The silencing of gene expression by CpG methylation is one of the most frequent epigenetic inactivation events. Therefore, we next investigated whether DNA methylation at the PEPT1 promoter contributes to altered PEPT1 transcription in CRC. As shown in Fig. 2A, we found that treatment with DAC, a demethylation reagent that blocks cellular DNA methyltransferases (DNMTs), activated PEPT1 transcription in SW480 and SW620 cells in a dose-dependent manner. Western blot analysis confirmed that DAC induced PEPT1 expression at the protein level in both SW480 and SW620 cells (Fig. 2B). These data together imply that PEPT1 expression is controlled by DNA demethylation. As DNA methylation is catalyzed by DNMTs, including DNMT1, DNMT3a, and DNMT3b, we next investigated which DNMTs repressed PEPT1 transcription in CRC. Among the three DNMTs, only DNMT1 was upregulated in CRC tissues compared with normal tissues (Figs. 2C, S2), which indicated that DNMT1 might be a crucial factor responsible for PEPT1 repression. To investigate this further, we designed siRNAs against all 3 DNMTs to determine their role in regulating PEPT1. Interestingly, after transient transfection with siRNA, we found that PEPT1 mRNA and protein expression was upregulated by siDNMT1, but not siDNMT3a or siDNMT3b, in both SW480 and SW620 cells (Figs. 2D and E, S3). Furthermore, the ChIP results demonstrated that DNMT1 was absent at the PEPT1 promoter after DAC treatment (Fig. 2F). As a control, DAC treatment showed no effect on the DNMT1 signature at the GAPDH promoter (Fig. S4A). Overall, our results indicate that DNMT1 is associated with transcriptional repression of PEPT1 in CRC cells.
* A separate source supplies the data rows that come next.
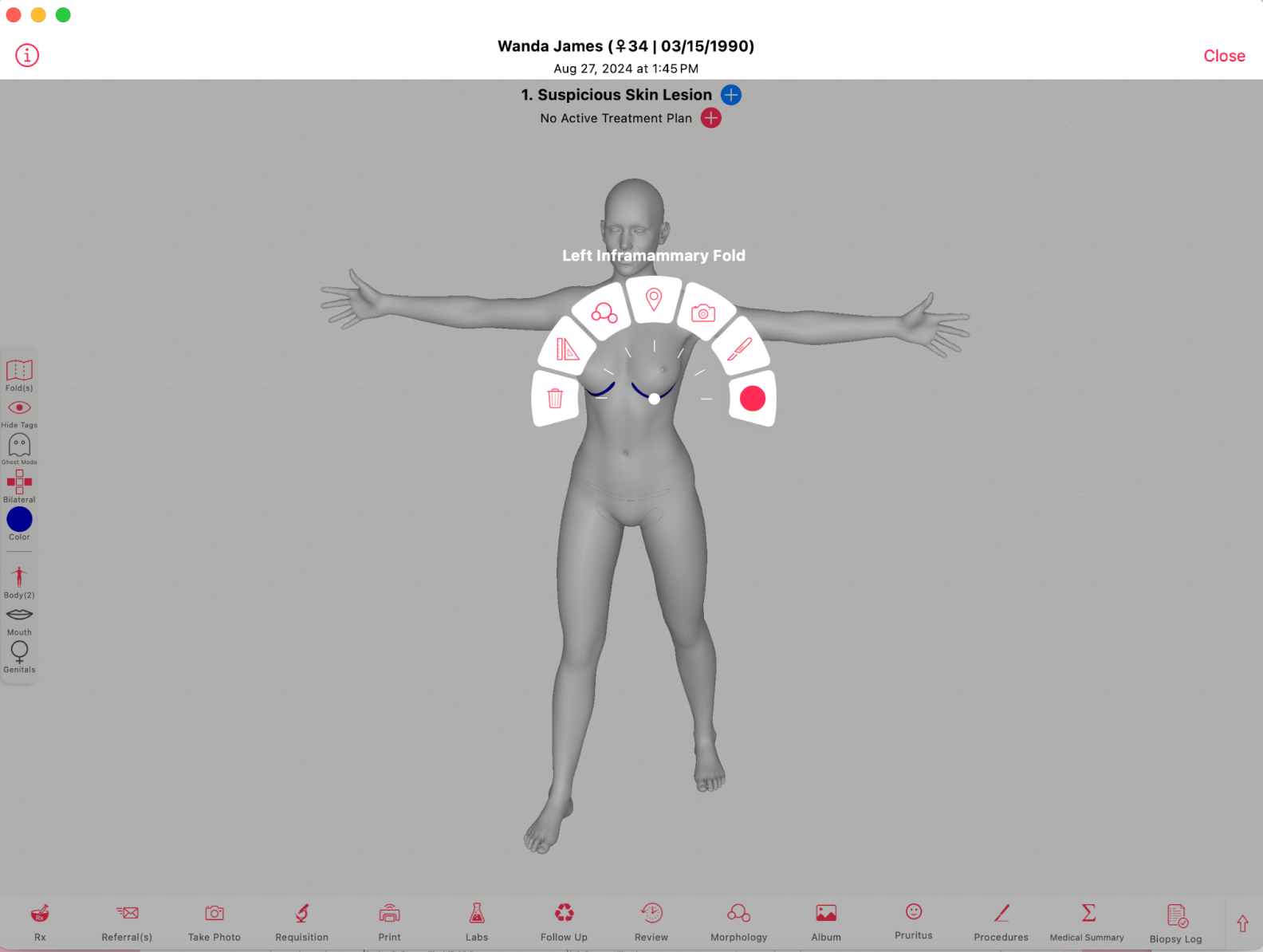 Body Map Example Why 3D Body Maps Are Changing Dermatology Documentation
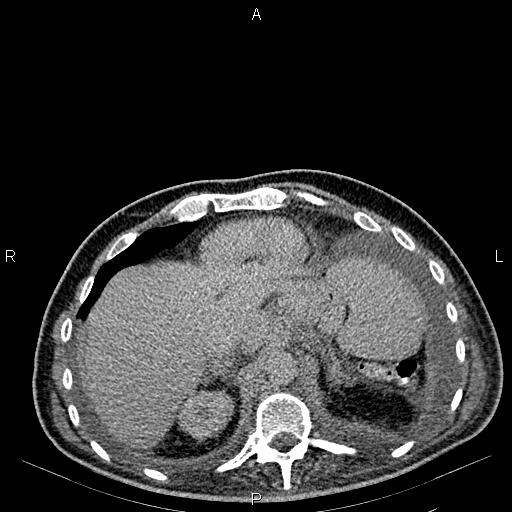 Non Hodgkin lymphoma in a patient with ankylosing spondylitis (Radiopaedia 84323-99621 Axial C+ delayed 12).jpg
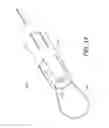 Fig. 33 - System and method for securing tissue to bone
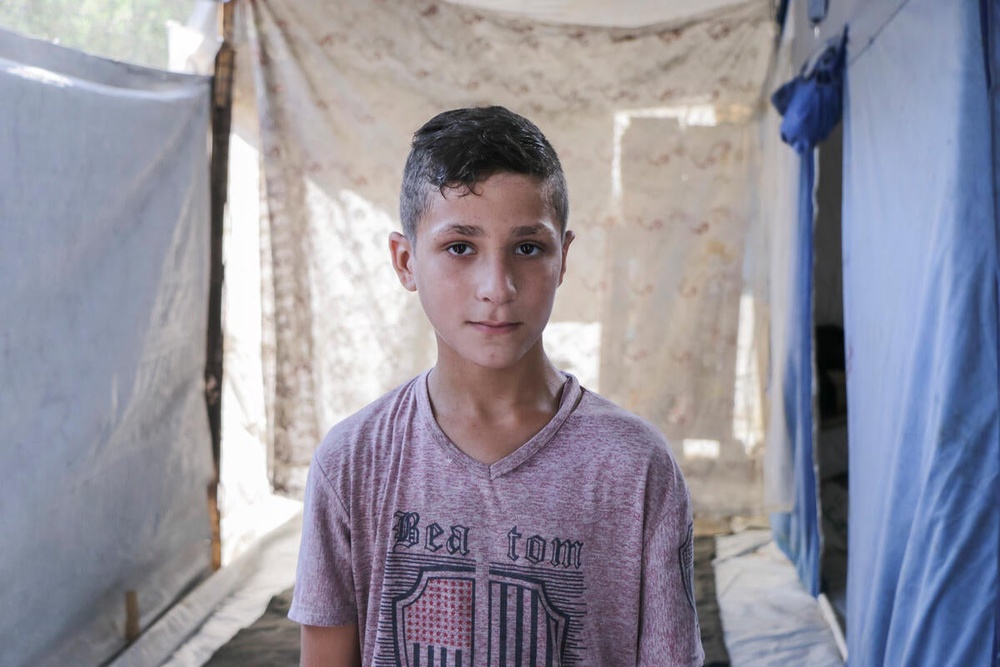 Khaleel, 10, was seriously injured by an explosive remnant of war while playing football near a school in Gaza. He suffered multiple shrapnel injuries to his face, eyes and ear (Save The Children)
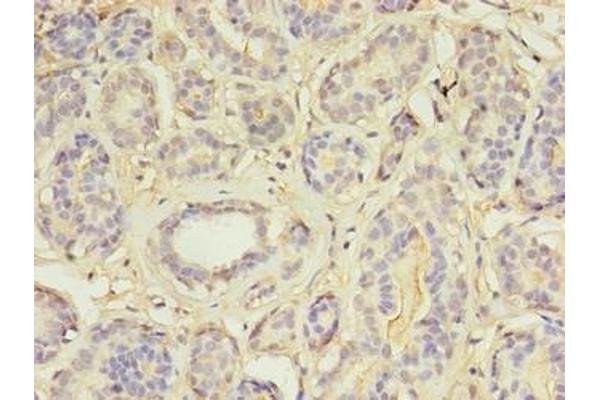 MAP3K7CL antibody  (AA 1-142)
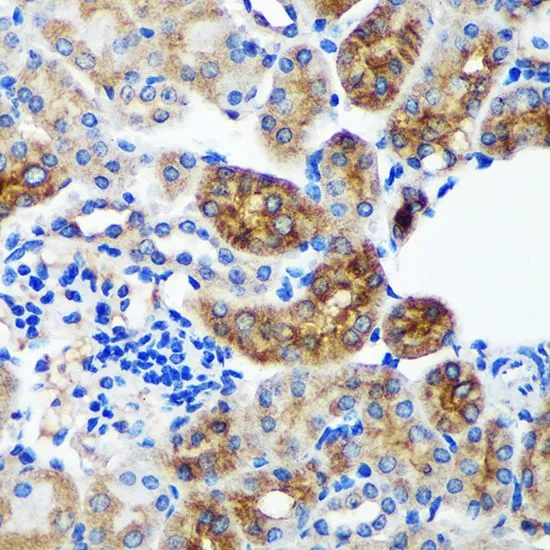 IHC-P analysis of mouse kidney tissue using GTX66340 PYCR2 antibody. Dilution : 1:100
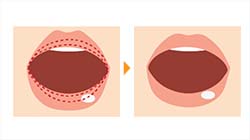 粘膜部分を切開する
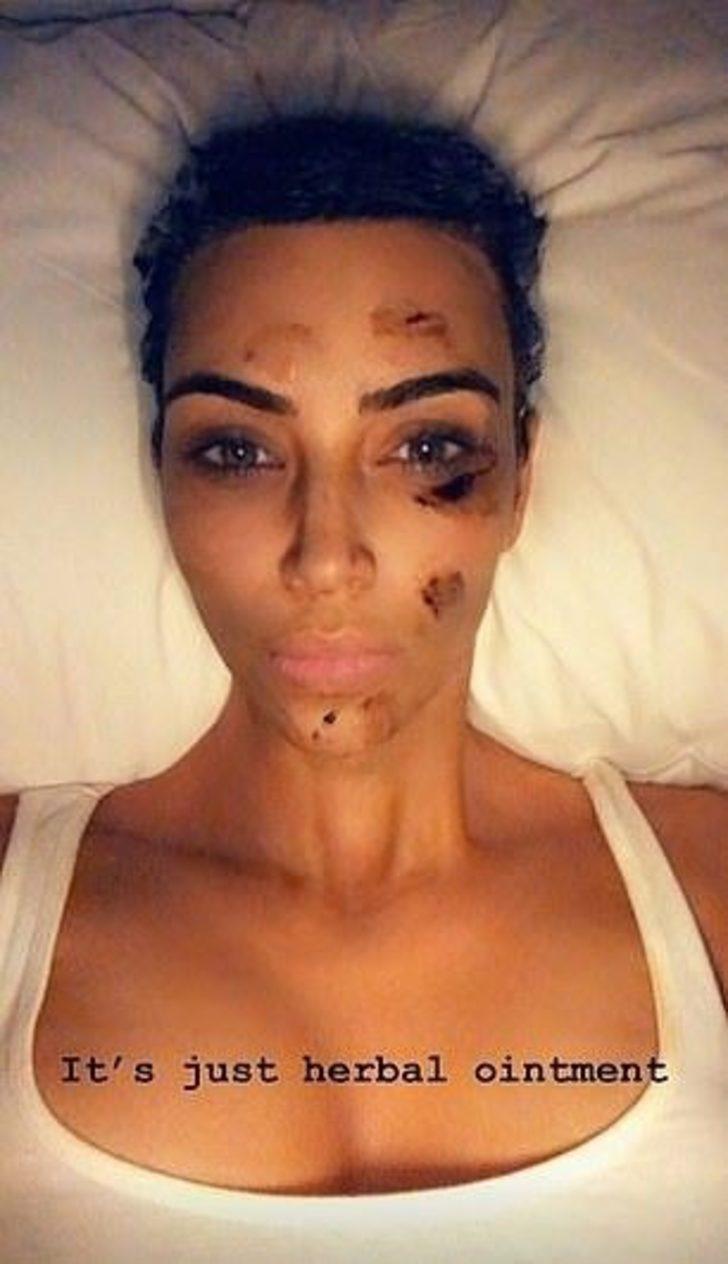 Kim Kardashian'a ne oldu? G3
Fig. 2: The inhibition of DNMT1 increases PEPT1 in CRC.
figure 2

A The mRNA expression of PEPT1 in SW480 and SW620 cells. Cells were treated with DMSO, 2.5 μM DAC, or 5 μM DAC for 72 h. Data are shown as means ± SD, n = 3, two-tailed unpaired t-test, *P < 0.05, **P < 0.01, ***P < 0.001, ****P < 0.0001, significantly different from DMSO. B Immunoblotting confirmed DAC treatment in SW480 and SW620 cells. C DNMT1 mRNA levels in CRC tumors (T) and normal tissues (N) from the TCGA in GEPIA. *P < 0.05, one-tailed unpaired t-test. D Knockdown of DNMT1 activated PEPT1 mRNA expression in SW480 and SW620 cells, respectively. SiNC, cells transfected with negative control siRNA, siDNMT1#1, siDNMT1#2, two siRNAs for DNMT1. Data are shown as means ± SD, n = 3, two-tailed unpaired t-test, **P < 0.01, ***P < 0.001. E PEPT1 and DNMT1 protein expression after DNMT1 knockdown in SW480 and SW620 cells. F ChIP-qPCR analyses of DNMT1 enrichment at the proximal promoter of PEPT1 in SW480 and SW620 cells after DAC (5 μM for 72 h) treatment. Data are shown as means ± SD, two-tailed unpaired t-test, *P < 0.05, ***P < 0.001.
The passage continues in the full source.